Cleveland is giving up a lot of points in the paint. The Grizzlies are coming alive. They're only 1 down after going on a 9-1 run.


----------



## Pioneer10 (Sep 30, 2004)

Our interior D and rebounding have been poor.


----------



## remy23 (Aug 15, 2002)

^ True. I'm just glad Cleveland is only down by 1 at the half. Coach Brown needs to tell guys to box out and really grab the ball. There were a few times the ball was simply ripped away from Cav players (like what happened to Z on that one play).


----------



## remy23 (Aug 15, 2002)

Snow hits a shot (his first points of the season)!


----------



## remy23 (Aug 15, 2002)

Snow going to the foul line (chance to score some more).


----------



## remy23 (Aug 15, 2002)

Z hit a funky hook. LOL


----------



## Pioneer10 (Sep 30, 2004)

Someone just needs to foul Eddie Jones hard here (nothing dirty of course). I love Eddie but the dude is soft and he is just killing us right now


----------



## remy23 (Aug 15, 2002)

Eddie has 4 fouls now. Mike Miller is in the game now.

James nailed a nice shot (22).


----------



## remy23 (Aug 15, 2002)

Drew nails his classic hook shot.


----------



## Pioneer10 (Sep 30, 2004)

Man just not able to pull away: both teams playing well


----------



## remy23 (Aug 15, 2002)

Gooden nails a jumper (8 points).


----------



## remy23 (Aug 15, 2002)

Luke Jackson passes to James for a monster jam.

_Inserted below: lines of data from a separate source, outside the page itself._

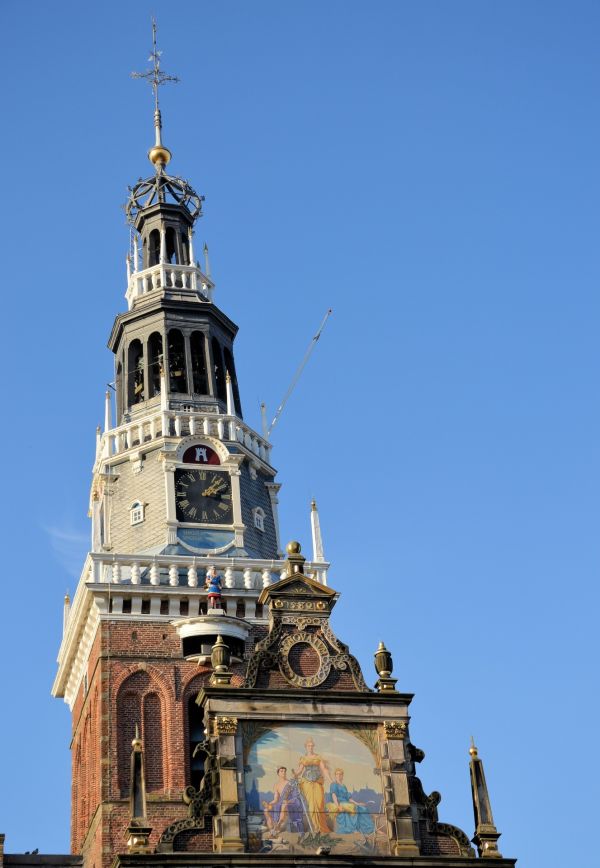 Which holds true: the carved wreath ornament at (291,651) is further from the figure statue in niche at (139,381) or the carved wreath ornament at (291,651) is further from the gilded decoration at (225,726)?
the figure statue in niche at (139,381)

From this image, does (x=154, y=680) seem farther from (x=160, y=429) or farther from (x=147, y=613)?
(x=160, y=429)

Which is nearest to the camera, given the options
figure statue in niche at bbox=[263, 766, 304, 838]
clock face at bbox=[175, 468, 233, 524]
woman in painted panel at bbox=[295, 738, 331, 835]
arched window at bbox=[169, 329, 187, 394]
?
figure statue in niche at bbox=[263, 766, 304, 838]

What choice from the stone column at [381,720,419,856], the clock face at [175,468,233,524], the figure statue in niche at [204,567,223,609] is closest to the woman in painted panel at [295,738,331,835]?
the stone column at [381,720,419,856]

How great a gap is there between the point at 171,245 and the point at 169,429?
38.7 feet

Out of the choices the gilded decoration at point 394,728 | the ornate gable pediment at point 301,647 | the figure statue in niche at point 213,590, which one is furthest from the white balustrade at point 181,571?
the gilded decoration at point 394,728

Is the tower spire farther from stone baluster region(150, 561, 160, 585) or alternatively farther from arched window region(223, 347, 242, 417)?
arched window region(223, 347, 242, 417)

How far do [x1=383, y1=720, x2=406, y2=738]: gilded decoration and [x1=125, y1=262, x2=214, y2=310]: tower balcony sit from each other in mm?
24966

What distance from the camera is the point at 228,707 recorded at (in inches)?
1711

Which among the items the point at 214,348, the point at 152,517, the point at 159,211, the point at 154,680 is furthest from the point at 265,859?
the point at 159,211

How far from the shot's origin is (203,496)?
57625 mm

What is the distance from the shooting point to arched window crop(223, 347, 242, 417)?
62344 mm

Drew Gooden blocking shots out there.


----------



## remy23 (Aug 15, 2002)

LeBron nails a 3-ball and the Grizzlies call time out (20 seconds).


----------



## Pioneer10 (Sep 30, 2004)

Lebron is awesome.

Gooden playing real well this quarter


----------



## remy23 (Aug 15, 2002)

8 straight points for Gasol. Cavs call time out.

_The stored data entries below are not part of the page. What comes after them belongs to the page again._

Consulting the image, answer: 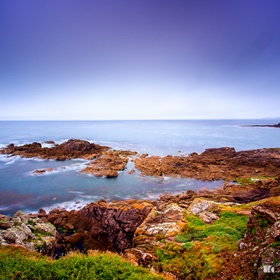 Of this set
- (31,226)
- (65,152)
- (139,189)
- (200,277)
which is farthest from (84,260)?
(65,152)

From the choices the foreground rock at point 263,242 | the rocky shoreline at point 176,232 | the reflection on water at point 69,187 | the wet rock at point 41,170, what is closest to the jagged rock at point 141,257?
the rocky shoreline at point 176,232

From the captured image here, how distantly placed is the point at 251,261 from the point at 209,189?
22179mm

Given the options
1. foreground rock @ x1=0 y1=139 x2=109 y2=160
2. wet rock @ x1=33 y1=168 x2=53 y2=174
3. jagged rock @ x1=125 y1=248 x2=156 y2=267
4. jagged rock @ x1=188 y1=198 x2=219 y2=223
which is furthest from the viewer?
foreground rock @ x1=0 y1=139 x2=109 y2=160

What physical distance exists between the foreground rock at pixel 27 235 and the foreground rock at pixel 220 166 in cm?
2334

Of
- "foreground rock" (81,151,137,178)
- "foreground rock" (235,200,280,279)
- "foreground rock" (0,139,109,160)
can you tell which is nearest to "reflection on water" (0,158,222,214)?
"foreground rock" (81,151,137,178)

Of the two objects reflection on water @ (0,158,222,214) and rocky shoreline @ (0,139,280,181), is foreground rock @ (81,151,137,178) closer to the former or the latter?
rocky shoreline @ (0,139,280,181)

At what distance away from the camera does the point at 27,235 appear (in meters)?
12.8

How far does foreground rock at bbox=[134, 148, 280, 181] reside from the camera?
3466 centimetres

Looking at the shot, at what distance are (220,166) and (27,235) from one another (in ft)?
117

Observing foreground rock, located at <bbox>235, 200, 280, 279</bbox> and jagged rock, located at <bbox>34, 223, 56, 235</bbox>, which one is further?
jagged rock, located at <bbox>34, 223, 56, 235</bbox>

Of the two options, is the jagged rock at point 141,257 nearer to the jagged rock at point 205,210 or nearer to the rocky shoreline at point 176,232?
the rocky shoreline at point 176,232

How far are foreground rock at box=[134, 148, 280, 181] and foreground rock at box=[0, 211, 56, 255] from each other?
23.3 m

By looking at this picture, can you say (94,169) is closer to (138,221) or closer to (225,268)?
(138,221)

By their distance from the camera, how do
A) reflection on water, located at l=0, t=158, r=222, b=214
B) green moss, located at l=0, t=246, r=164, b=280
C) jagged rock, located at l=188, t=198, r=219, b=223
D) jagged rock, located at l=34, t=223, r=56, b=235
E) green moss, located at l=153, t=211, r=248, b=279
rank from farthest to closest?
reflection on water, located at l=0, t=158, r=222, b=214
jagged rock, located at l=34, t=223, r=56, b=235
jagged rock, located at l=188, t=198, r=219, b=223
green moss, located at l=153, t=211, r=248, b=279
green moss, located at l=0, t=246, r=164, b=280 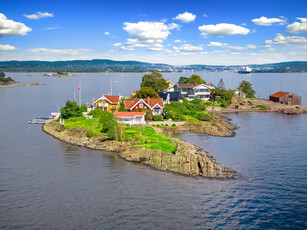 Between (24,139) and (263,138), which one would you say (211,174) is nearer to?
(263,138)

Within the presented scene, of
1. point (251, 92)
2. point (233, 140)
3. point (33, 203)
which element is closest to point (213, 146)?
point (233, 140)

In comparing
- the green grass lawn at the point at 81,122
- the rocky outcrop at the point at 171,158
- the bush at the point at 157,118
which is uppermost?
the bush at the point at 157,118

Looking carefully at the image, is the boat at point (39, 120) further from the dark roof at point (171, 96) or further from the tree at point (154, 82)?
the tree at point (154, 82)

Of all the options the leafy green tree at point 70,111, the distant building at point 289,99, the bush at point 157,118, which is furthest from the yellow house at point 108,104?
the distant building at point 289,99

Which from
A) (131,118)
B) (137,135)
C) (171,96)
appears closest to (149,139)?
(137,135)

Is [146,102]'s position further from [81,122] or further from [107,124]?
[107,124] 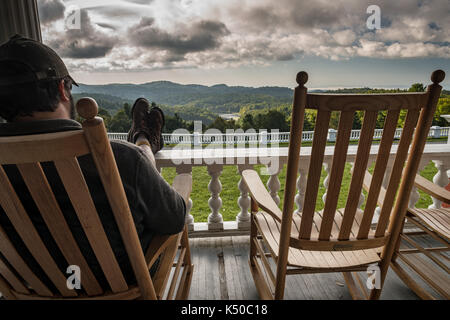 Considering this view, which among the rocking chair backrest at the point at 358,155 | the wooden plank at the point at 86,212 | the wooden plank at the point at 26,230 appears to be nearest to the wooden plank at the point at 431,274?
the rocking chair backrest at the point at 358,155

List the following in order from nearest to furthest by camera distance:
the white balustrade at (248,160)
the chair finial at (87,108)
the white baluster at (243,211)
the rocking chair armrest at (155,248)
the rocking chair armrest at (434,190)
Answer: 1. the chair finial at (87,108)
2. the rocking chair armrest at (155,248)
3. the rocking chair armrest at (434,190)
4. the white balustrade at (248,160)
5. the white baluster at (243,211)

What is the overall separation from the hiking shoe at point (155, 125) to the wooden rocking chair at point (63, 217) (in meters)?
0.87

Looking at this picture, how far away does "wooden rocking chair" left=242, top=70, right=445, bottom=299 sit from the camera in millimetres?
792

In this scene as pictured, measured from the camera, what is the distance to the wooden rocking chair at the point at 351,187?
2.60 feet

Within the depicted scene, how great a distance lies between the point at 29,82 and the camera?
0.69 m

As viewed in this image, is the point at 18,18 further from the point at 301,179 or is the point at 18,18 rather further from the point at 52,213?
the point at 301,179

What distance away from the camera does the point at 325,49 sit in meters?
1.92

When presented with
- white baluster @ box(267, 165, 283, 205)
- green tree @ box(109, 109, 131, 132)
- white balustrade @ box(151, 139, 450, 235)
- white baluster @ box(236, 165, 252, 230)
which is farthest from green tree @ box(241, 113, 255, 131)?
green tree @ box(109, 109, 131, 132)

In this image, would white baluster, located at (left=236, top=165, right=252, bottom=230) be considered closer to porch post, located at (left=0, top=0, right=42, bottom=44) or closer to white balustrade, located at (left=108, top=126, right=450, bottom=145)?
white balustrade, located at (left=108, top=126, right=450, bottom=145)

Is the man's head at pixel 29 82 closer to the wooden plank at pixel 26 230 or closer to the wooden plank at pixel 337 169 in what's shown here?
the wooden plank at pixel 26 230

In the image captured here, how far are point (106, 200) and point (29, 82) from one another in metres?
0.38

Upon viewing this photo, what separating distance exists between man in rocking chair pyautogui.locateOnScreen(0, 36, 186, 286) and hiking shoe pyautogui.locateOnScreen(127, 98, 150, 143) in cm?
81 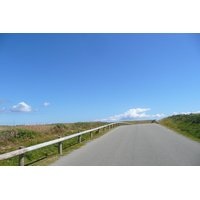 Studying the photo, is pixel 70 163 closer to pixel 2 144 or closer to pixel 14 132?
pixel 2 144

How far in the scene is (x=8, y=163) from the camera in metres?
8.74

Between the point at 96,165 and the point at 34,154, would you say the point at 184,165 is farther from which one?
the point at 34,154

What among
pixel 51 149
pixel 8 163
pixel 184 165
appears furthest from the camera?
pixel 51 149

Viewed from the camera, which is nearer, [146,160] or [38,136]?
[146,160]

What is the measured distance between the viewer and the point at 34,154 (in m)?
10.7

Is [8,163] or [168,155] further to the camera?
[8,163] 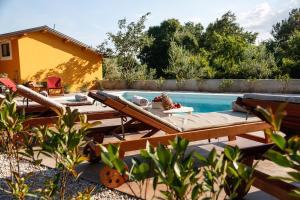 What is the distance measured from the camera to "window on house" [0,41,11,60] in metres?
19.4

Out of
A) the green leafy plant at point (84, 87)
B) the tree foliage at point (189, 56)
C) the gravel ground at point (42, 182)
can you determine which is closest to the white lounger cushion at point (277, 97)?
the gravel ground at point (42, 182)

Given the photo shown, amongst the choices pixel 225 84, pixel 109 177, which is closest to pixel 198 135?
pixel 109 177

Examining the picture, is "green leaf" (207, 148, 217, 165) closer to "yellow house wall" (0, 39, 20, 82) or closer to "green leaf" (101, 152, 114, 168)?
"green leaf" (101, 152, 114, 168)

And on a side note, Wright is looking like Wilt Chamberlain out there.


----------



## Pioneer10 (Sep 30, 2004)

Still can't pull away: Grizzlies take the lead. Wish Hughes wasn't in foul trouble


----------



## remy23 (Aug 15, 2002)

Grizzlies close on an 11-3 run. Grizzlies lead by 1 at the end of 3 (82-81).


----------



## Pioneer10 (Sep 30, 2004)

Crap: they're pushing the lead with 3's


----------



## Pioneer10 (Sep 30, 2004)

More 3's ouch. Bobby Jackson the latest PG to burn us


----------



## MemphisX (Sep 11, 2002)

Gasol is unguardable right now.


----------



## Benedict_Boozer (Jul 16, 2004)

The defense needs ALOT of work. We're just giving up too many pts in the paint, open 3's, penetration, etc. 

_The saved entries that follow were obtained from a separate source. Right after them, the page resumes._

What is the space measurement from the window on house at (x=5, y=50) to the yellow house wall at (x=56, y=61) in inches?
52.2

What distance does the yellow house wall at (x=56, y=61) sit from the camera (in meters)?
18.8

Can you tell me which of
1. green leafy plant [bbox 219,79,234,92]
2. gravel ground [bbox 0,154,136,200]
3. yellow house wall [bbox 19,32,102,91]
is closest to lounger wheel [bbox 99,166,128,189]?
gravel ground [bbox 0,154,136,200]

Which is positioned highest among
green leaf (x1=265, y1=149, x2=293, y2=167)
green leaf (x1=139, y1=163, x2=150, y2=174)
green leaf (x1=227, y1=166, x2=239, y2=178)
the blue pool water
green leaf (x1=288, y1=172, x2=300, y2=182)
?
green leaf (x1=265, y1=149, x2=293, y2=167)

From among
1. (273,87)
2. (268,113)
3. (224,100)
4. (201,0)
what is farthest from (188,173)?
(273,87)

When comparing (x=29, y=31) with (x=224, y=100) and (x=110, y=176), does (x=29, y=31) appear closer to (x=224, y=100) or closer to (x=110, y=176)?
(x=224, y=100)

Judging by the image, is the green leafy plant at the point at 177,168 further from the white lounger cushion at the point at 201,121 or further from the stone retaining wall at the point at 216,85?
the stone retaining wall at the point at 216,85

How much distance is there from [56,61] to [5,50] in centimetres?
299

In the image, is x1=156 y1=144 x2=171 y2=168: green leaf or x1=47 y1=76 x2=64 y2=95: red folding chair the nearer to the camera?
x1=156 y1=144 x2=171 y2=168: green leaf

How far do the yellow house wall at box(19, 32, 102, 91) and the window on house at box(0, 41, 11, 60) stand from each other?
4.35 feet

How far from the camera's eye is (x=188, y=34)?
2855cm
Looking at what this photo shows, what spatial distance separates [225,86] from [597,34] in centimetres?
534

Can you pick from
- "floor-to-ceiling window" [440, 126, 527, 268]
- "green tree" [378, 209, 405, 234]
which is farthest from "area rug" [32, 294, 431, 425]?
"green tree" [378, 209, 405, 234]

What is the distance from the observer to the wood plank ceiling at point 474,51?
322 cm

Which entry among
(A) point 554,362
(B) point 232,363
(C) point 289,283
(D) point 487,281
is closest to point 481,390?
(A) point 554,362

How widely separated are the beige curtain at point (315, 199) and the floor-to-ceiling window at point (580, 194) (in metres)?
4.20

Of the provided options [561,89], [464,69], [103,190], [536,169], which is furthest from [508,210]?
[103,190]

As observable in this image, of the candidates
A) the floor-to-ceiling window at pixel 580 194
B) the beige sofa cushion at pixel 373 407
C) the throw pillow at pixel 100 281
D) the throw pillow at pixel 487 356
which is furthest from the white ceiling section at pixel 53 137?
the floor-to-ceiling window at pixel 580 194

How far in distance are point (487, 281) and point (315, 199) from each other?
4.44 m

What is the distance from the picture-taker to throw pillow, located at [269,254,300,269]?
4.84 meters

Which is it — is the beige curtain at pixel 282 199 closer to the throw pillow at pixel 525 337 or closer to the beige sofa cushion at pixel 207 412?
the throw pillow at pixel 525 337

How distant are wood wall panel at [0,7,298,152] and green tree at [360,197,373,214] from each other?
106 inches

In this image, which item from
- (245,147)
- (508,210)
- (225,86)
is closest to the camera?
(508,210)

I was under the impression our defense would be ahead of our offense since that's all Mike Brown emphasized in the preseason, but that certainly doesn't seem like the case.


----------



## Benedict_Boozer (Jul 16, 2004)

^Yes and Gasol, as he usually does, is eating us alive. 

That 3pt barrage is what really cost us this one though. Guys have to rotate and challenge shots. SA was a perfect example of this last night, our guys are just too lax on the perimeter


----------



## remy23 (Aug 15, 2002)

*Box Score: Memphis 113, Cleveland 106*


----------



## Benedict_Boozer (Jul 16, 2004)

In the last 2 games, we've given up *107.5ppg, 56.5%fg shooting, and 59.5% 3pt shooting*. :upset:


----------



## Ballscientist (Nov 11, 2002)

Benedict_Boozer said:


> In the last 2 games, we've given up *107.5ppg, 56.5%fg shooting, and 59.5% 3pt shooting*. :upset:


Cavs really need to trade all of the offensive players.


----------



## KingoftheCourt23 (Jul 20, 2005)

It was the threes that killed us. They need to play much better D because even though they can score they aint gonna put up 120 points every game. If the D can hold teams to 90 points we should be fine. Some of those threes u cant defend any better though.


----------



## Pioneer10 (Sep 30, 2004)

Went like I expected it. We didn't play with the two guys who will be our primary backups at PF and C (Marshall and AV). Second end of ROAD BACK to back.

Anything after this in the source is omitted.